Tag Archives: God loves you

Suffering? Growthful, Forming and Transforming.

Matterofprayer: A Year of Everyday Prayers – Saturday, July 25, 2015

Romans 5-3,4 word cloud

Suffering? Growthful, Forming and Transforming.

Long day on the road, coming back from the New Wilmington Mission Conference. As I turned to the chapter for the day today, I reflected on the past week. The topic for today is Suffering. Suffering for the sake of Christ, as well as the mystery of suffering.

At the mission conference, we prayed for the persecuted church. We prayed for different areas on different days. My thoughts went to them, as well as my heart, no matter where. Nigeria, Egypt, Central Asia, Vietnam. These were just a few of the places we prayed for. We prayed for the churches, the individual believers, the governments ruling over the countries, and so much more. God, please be with them all.

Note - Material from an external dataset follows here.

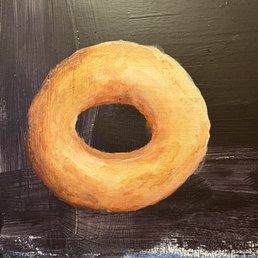 Painting of a bagel Painting of a bagel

This modern psalm moved me so profoundly. However, I was struck by one verse in particular. The verse is taken from John 9 and 1 Peter 3. “Let me never believe that my suffering is Your punishment for sin,/since doing what is right can lead to suffering too.” [1]

Doing what is right? Yes, that can lead to pain and suffering. What about Romans 5:3b-4? Paul says, as plain as day, “we know that suffering produces perseverance; perseverance, character; and character, hope.”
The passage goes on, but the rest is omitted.